I am trying to parse the table below but unfortunately each of nodes seems nested each other. 🙁 It is impossible to get the childnodes because it is always giving the count = 1
It is really interesting but it is finding; for example the next “tr” as the childnode of the previous tr?
Do you have any idea?
<table width="292px" border="0">
<tr>
<td>
</td>
</tr>
<tr>
<td>
<table>
<tr>
<td colspan="2" bgcolor="#FBCE9D" align="center" height="40">
</td>
</tr>
<tr>
<td bgcolor="#FFF4D2" height="25" width="60">
</td>
<td height="25" bgcolor="#e8e8e8">
</td>
</tr>
<tr>
<td bgcolor="#FFF4D2" height="25" width="60">
</td>
<td height="25" bgcolor="#e8e8e8">
</td>
</tr>
<tr>
<td bgcolor="#FFF4D2" height="25" width="60">
</td>
<td height="25" bgcolor="#e8e8e8">
</td>
</tr>
<tr>
<td bgcolor="#FFF4D2" height="25" width="60">
</td>
<td height="25" bgcolor="#e8e8e8">
</td> //Here is a missing "</tr>" and I think this one is confusing the agilitypack!
<tr>
<td bgcolor="#FFF4D2" height="35" colspan="2" align="center">
</td>
</tr>
</table>
</td>
</tr>
</table>
My code is:
var webGet = new HtmlWeb();
var doc = webGet.Load("the url where this table is located");
HtmlNodeCollection tb = doc.DocumentNode.SelectNodes("//table[@width='292px']");
var table = tb[0].ChildNodes[1].ChildNodes[0].ChildNodes[0].ChildNodes;
for (var na = 0; na < table.Count; na++)
{ .....do the work.... }
Actually this code was working like a charm before but they nested another table inside it is stucking with ChildNodes[1] because there will be no ChildNodes[1] it is always ChildNodes[0]?

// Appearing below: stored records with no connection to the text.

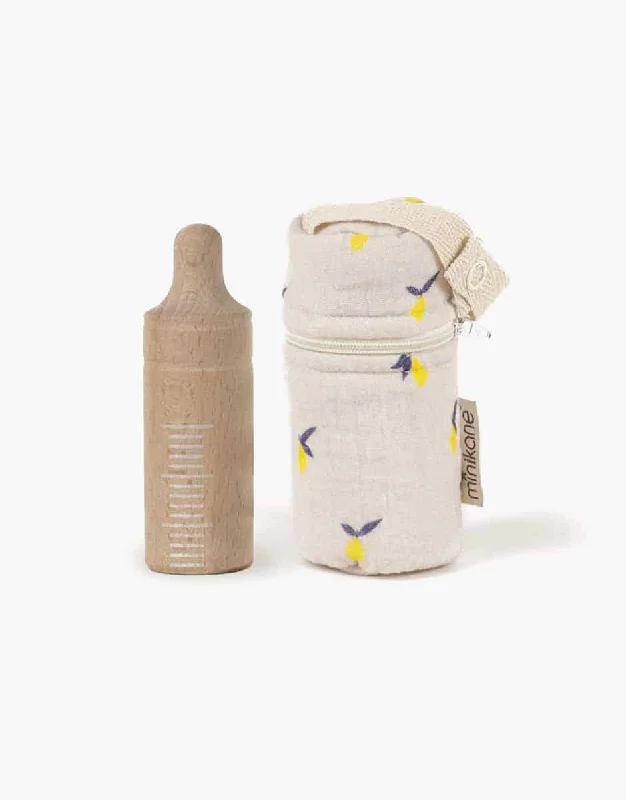 Sports Tights Minikane Wooden Baby Bottle and Holder for Dolls in Lemon Print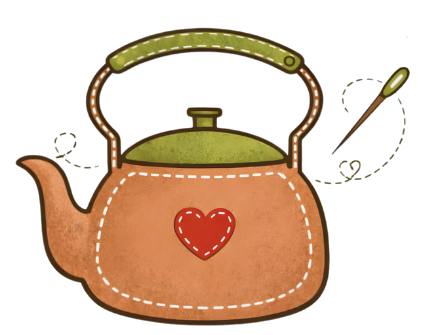 Polly Kettle clothing icon with kettle, stitching and heart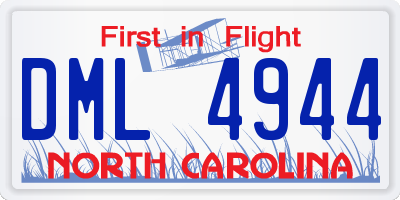 NC license plate DML4944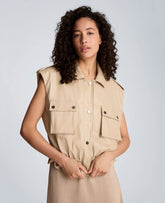 Kenneth Cole Faux Leather Snap Front Jacket with Drawcord Waist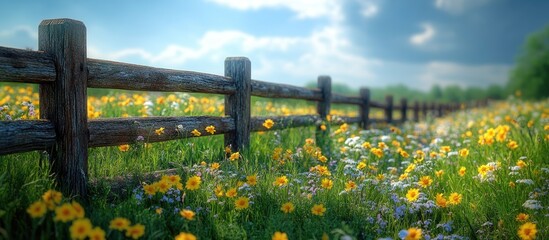 Fototapeta premium Picturesque flower-filled meadow with a rustic wooden fence under a blue sky showcasing nature's beauty and tranquility in the countryside.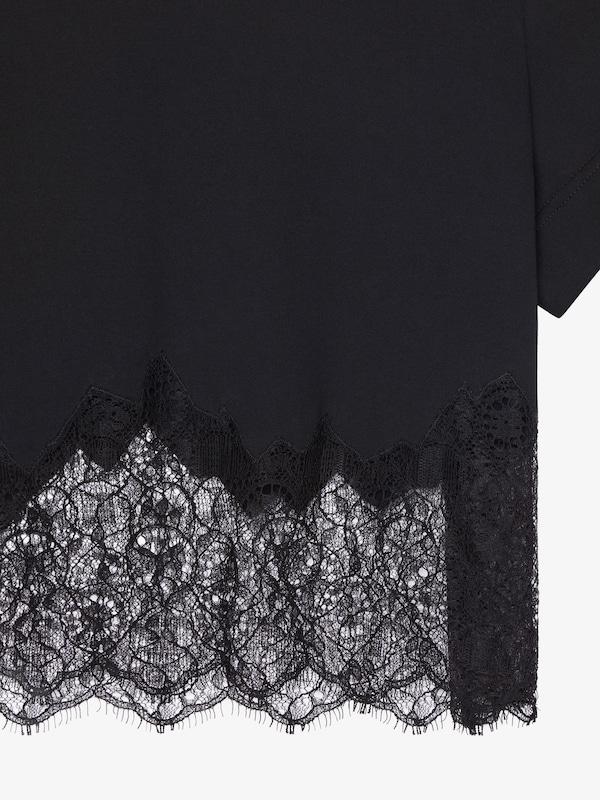 Givenchy Cropped t-shirt in cotton and lace Promoción trimestral
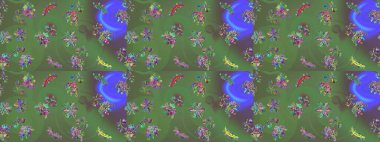 Çiçek Elementleri 'nin soyut geçmişi. Raster kış deseni. Yeşil, mor ve mavi renkler üzerine tasarım. Raster illüstrasyonu.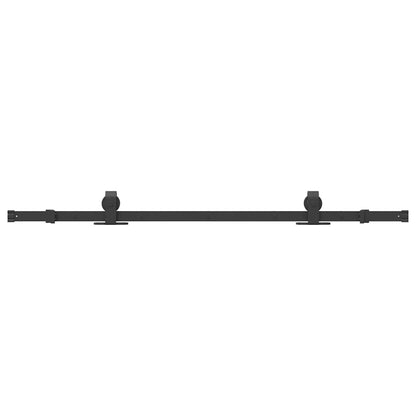 vidaXL Sliding Door Hardware Kit 152 cm Steel Black
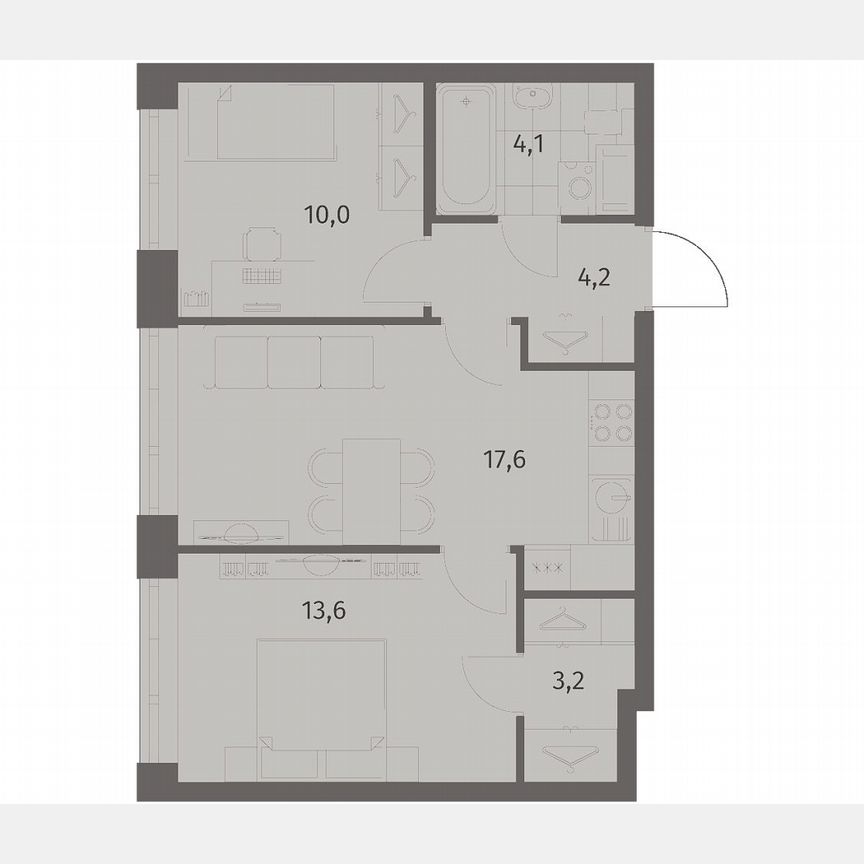 2-к. квартира, 52,7 м², 3/11 эт.
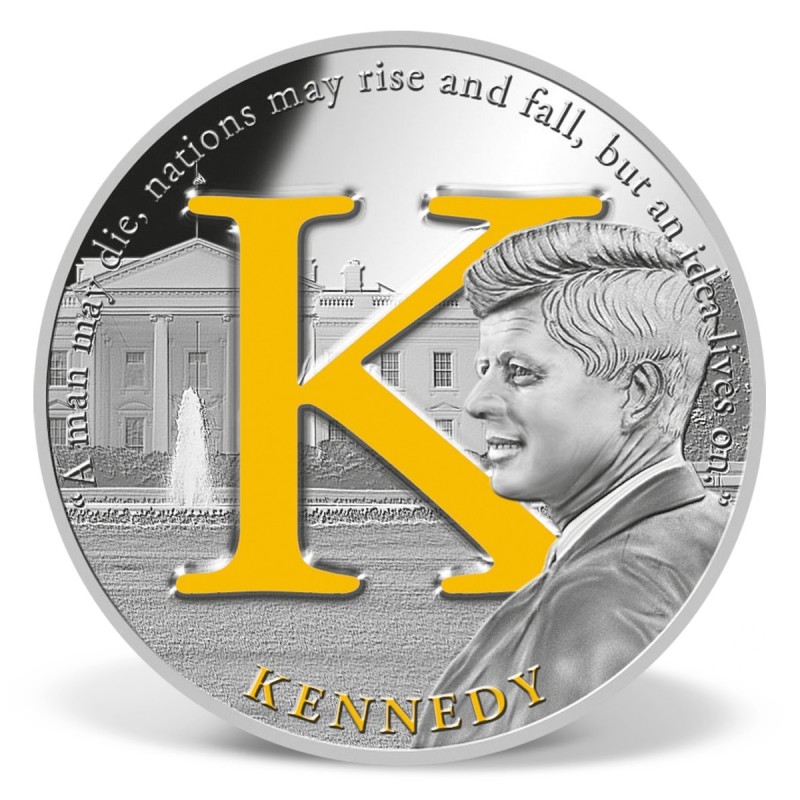 Coffret 7 Médailles John F.Kennedy - 100e anniversaire édition - signature séries - cuivre argenté et doré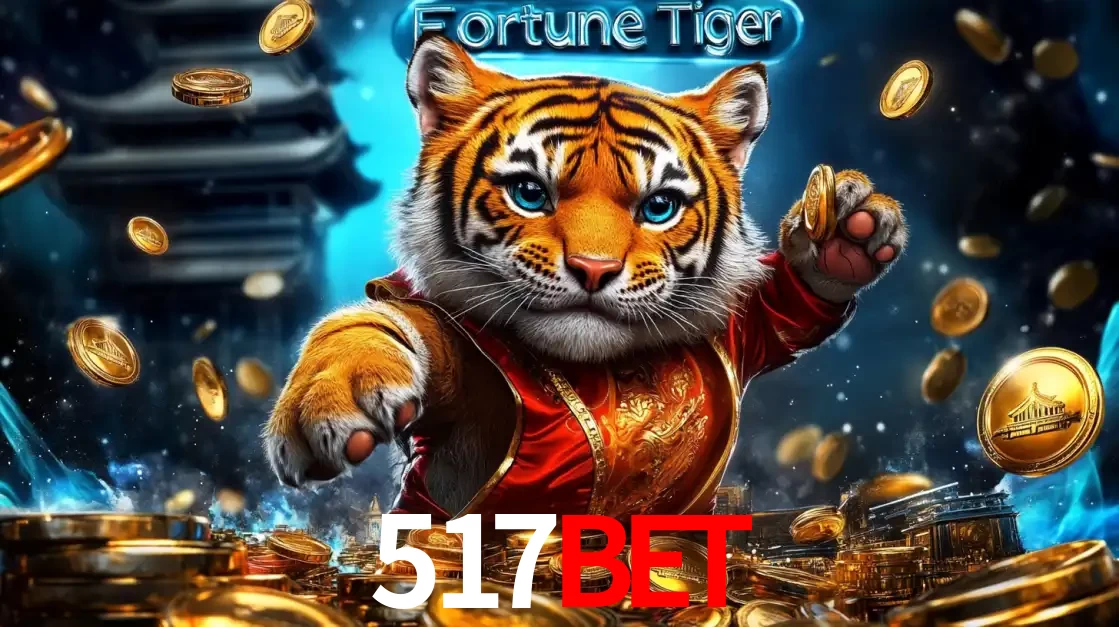 Imagem promocional do jogo de slot Fortune Tiger, com um tigre majestoso em traje tradicional cercado por uma fortuna em moedas de ouro, disponível agora no cassino 517bet.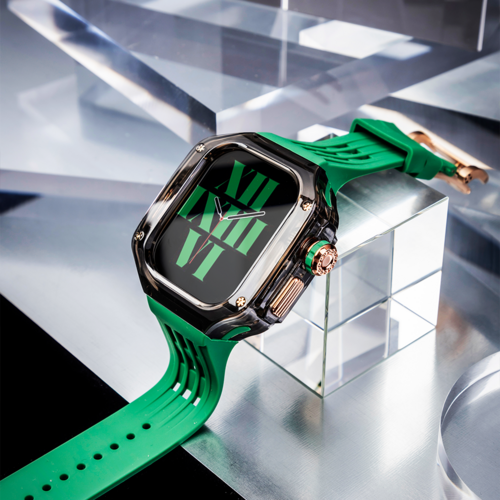 애차드밀 애플워치 울트라 메탈 케이스 일체형 스트랩 명품 케이스 밴드 줄질, 49(울트라시리즈), 레드, 블랙-실버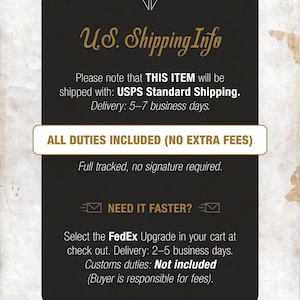 US Customers Info:
Please note that This Item will be shipped with: USPS Standard Shipping.
Delivery: 5–7 business days. Full tracked, no signature required.
Need it faster? Select the FedEx Upgrade in your cart at check out. Delivery: 2–5 business days. Customs duties: Not included (Buyer is responsible for fees).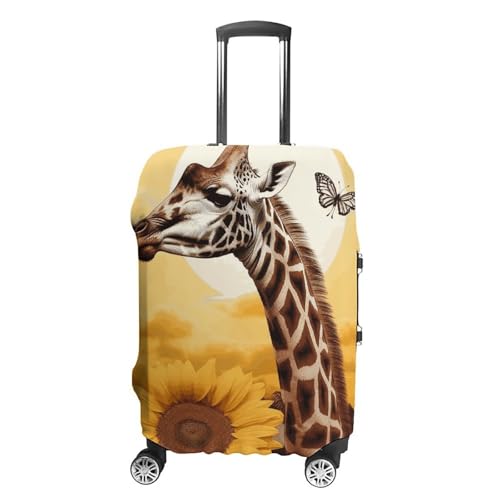 Giraffe And Sunflower Luggage Cover, Washable Elastic Suitcase Cover Protector Fit 18-32 Inch Luggage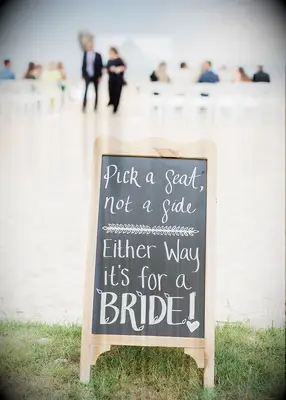 DIY chalkboard beach wedding sign
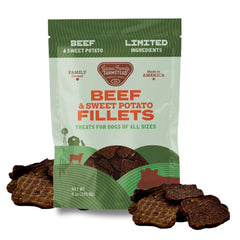 Friandises Gaines Family Farmstead filets boeuf patate douce 8oz parfaites pour l'entraînement.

One more note; Firebug shows “/html/body/table/tbody/tr[2]/td/table/tbody” as the XPath of the nested table but as you may notice that “tbody” is not familiar with htmlagility because it is dynamically produced by the browser to eleminate the missing close tag /tr
It is really interesting but the problem was HmtlAgility pack that is actually available at Nuget! I removed it and download it from the web (http://htmlagilitypack.codeplex.com/). It is working now!